高松冢古坟石室开启后受到诸多外界因素影响,石室原有湿温度发生了剧烈变化,石室内微生态环境失衡。另外,地震活动导致结合部土体坍塌,加速了微生物污染。管理的不当、取样调查等人为扰动改变了石室内光照和营养贫乏的微生物环境,为微生物生长创造了适宜条件;有机保护材料和部分杀菌剂成为微生物新的营养源,微生物侵蚀成为古坟壁画安全保存的最大威胁。因原址保护能最大程度地保留古坟历史信息,相关研究人员为此不懈努力,古坟保护也曾成为国际上墓葬壁画原址保护的典范,但最终因持续恶化的微生物问题而不得不进行解体搬迁保护,留下了遗憾和对于文物保护的重新思考。

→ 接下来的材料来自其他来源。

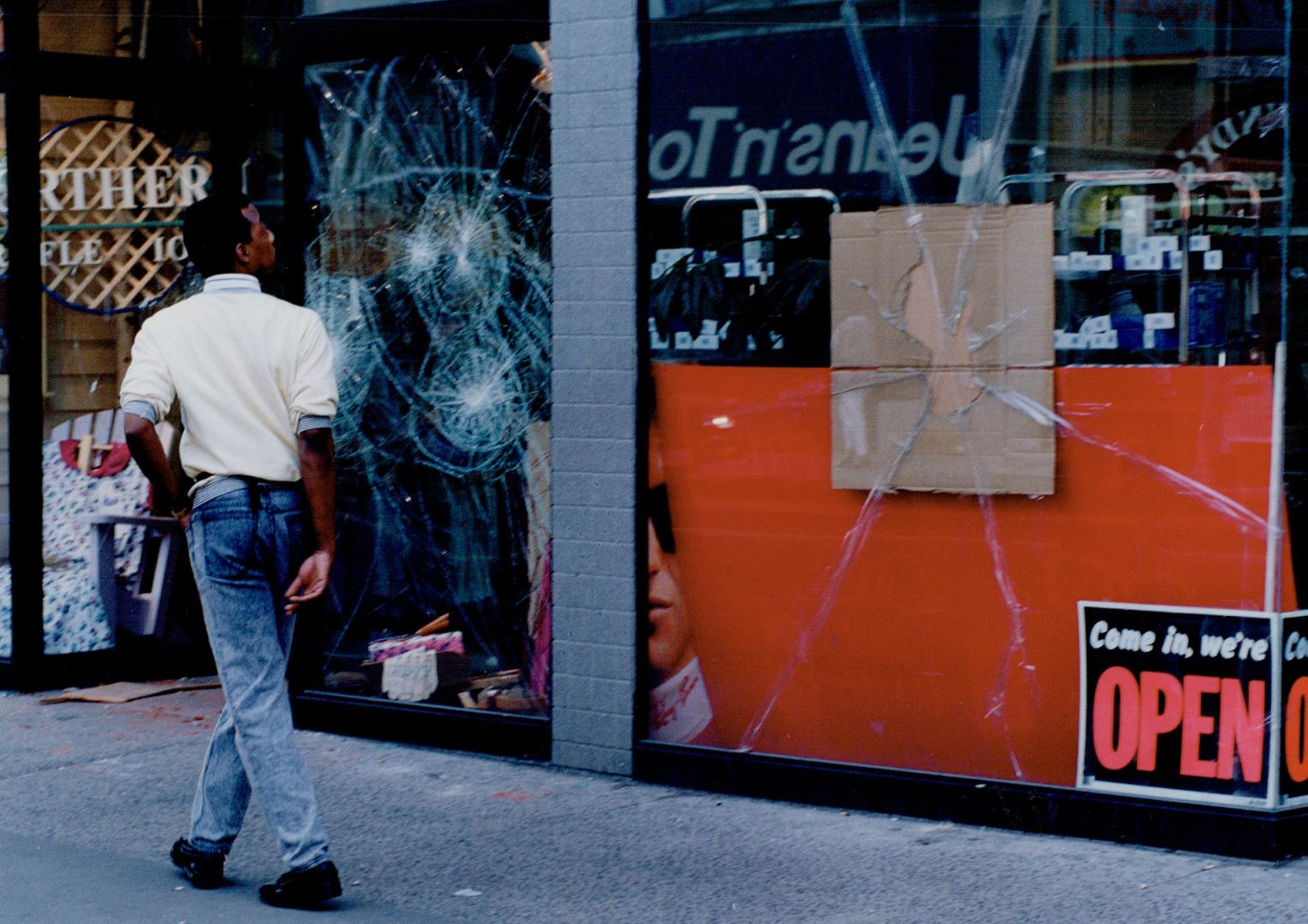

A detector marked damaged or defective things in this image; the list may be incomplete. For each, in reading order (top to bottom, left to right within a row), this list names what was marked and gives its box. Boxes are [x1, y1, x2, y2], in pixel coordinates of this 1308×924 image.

shattered store window [303, 48, 549, 712]
shattered store window [643, 0, 1297, 801]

多年来高松冢古坟保护过程非常严格,但仍出现了诸多不可预料和不可逆转的问题,如全球气候变化、水分活动等因素的影响。截至目前,微生物病害防治仍是国际性难题。因此还需开展更为深入的研究;高松冢古坟保护带来诸多经验和教训,如采取人为干预措施时应更为严谨,在杀菌剂的选择和使用上要进行更多预试验,并从整个生态环境安全和平衡角度考虑防治措施是否得当。同时应改进微生物监测方法(如使用无菌机器人进入墓室采样),以减少人类在墓室内活动;并充分研究微生物群落动态演替和功能代谢特征,全面了解墓室及古墓葬周边生态环境,为制定可行的保护方案提供科学依据。文化遗产的生物退化问题普遍存在,人为介入的保护措施时效性通常有限,结合数字化技术的保护手段,在今后文物历史艺术信息的保存和展示中将发挥重要作用。